So, by default the background thread wakes up every 10,000 milliseconds i.e. every 10 seconds. The scripts override this period using the following rule which resets the sample period to 5 seconds by injecting code which returns value 5000 when the method is called.
# this rule is triggered when the periodic helper thread starts
# it returns a sample period in milliseconds for which the
# periodic helper thread sits and waits before sampling each
# of the counters and updating the MBean
RULE set period
CLASS JMXHelper
METHOD samplePeriod()
AT ENTRY
IF TRUE
DO RETURN 5000
ENDRULE

So, how about configuring the counters and the MBean display? Well, the background thread calls the following method during startup
private KeyInfo keyInfo()
{
// if the rule set does not generate a keyinfo value then we return this one to indicate
// that something is missing.
String[] keyNames = new String[1];
keyNames[0] = "No counters defined";
return new KeyInfo("Byteman Periodic Statistics", keyNames);
}

The method returns a KeyInfo object.

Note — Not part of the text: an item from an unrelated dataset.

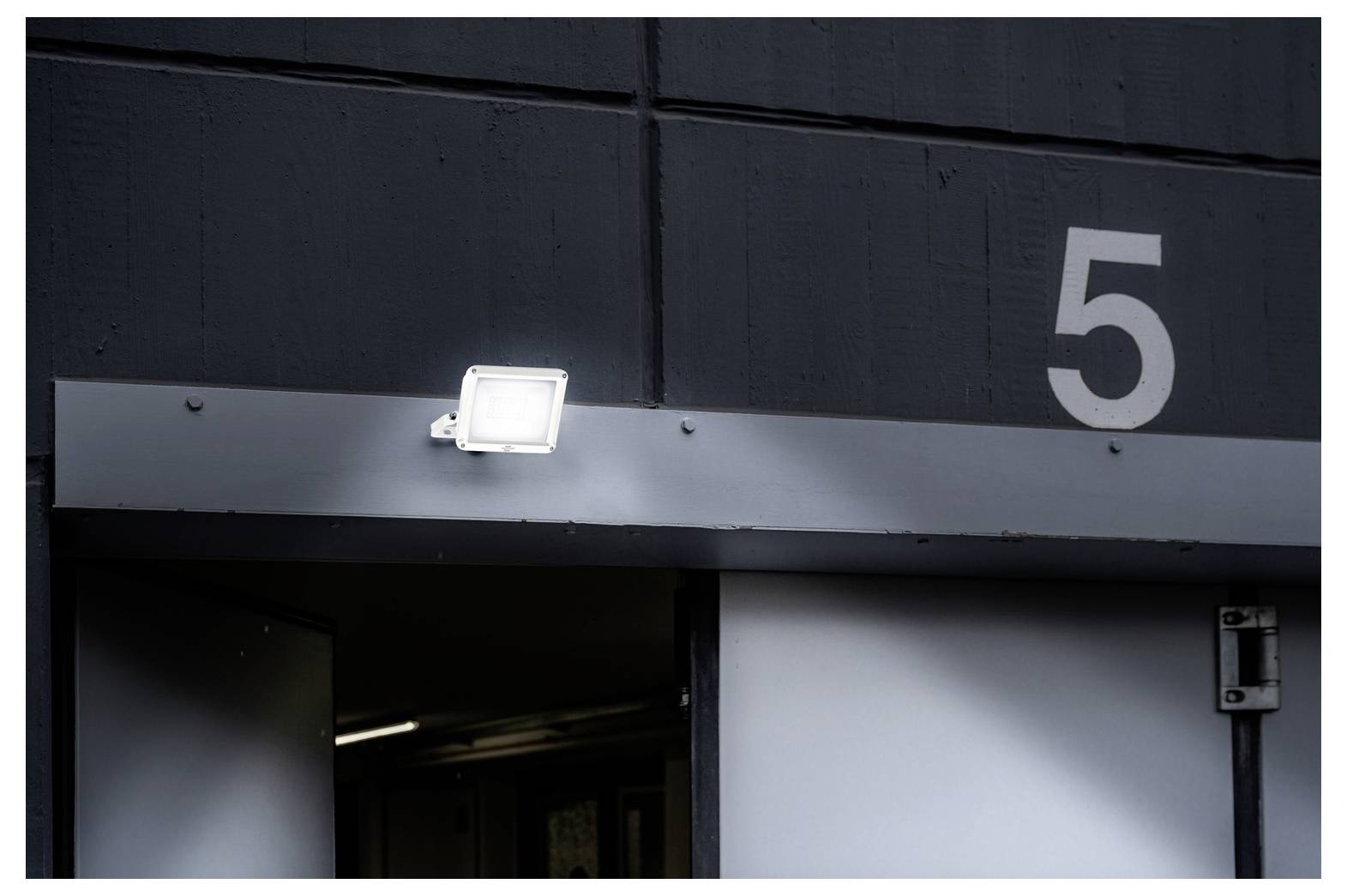 Gebäudeeingang mit der Nummer 5 über der Türöffnung markiert, mit einem kleinen Außenlicht an der Fassade angebracht.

Essentially this contains 3 lists of data. The first list identifies the names of the counters to be sampled. The second list identifies the format in which each corresponding counter value should be displayed and the third provides a descriptive label for each counter. The default implementation above creates a KeyInfo object with only one counter which, presumably, never gets incremented. The format and description take the default values.

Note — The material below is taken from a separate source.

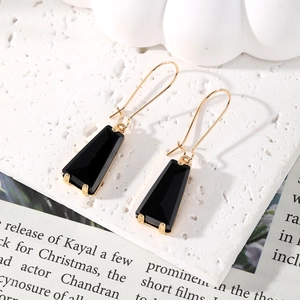 Elegant gold earrings with long trapezoid black crystal glass drops on white background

This method is overridden by the JVMMBeanStats script as follows
# this rule is triggered when the periodic helper thread starts
# it returns a KeyInfo object identifying the stats counters
# updated by rules in this rule set
RULE return key info
CLASS JMXHelper
METHOD keyInfo()
BIND keyInfo : KeyInfo = new KeyInfo("JVM Statistics in a Dynamic MBean")
IF TRUE
DO keyInfo.addKey("thread creates", KeyInfo.KEY_TYPE_CUMULATIVE, "Thread() total calls");
keyInfo.addKey("thread runs", KeyInfo.KEY_TYPE_CUMULATIVE, "Thread.run() total calls");
...
keyInfo.addKey("thread creates", KeyInfo.KEY_TYPE_RATE, "Thread() calls per second");
keyInfo.addKey("thread runs", KeyInfo.KEY_TYPE_RATE, "Thread.run() calls per second");
...
keyInfo.addKey("class loads", KeyInfo.KEY_TYPE_MEAN, "ClassLoader.defineClass() mean calls per sample");
RETURN keyInfo
ENDRULE

The rule creates a KeyInfo object in the BINDS clause binding it to variable keyInfo. The rule action calls the addkey method repeatedly to add the name, format type and description for each of the counters updated in the rule set. Finally it returns the object identified by keyInfo to the background thread. The thread uses this object to construct a dynamic MBean populated with fields each of whose name, format, description and value is derived from each key entry and associated counter. Every time the thread wakes up it samples the value of the counters. When the MBean is refreshed the latest sampled values are used to recompute the displayed statistic.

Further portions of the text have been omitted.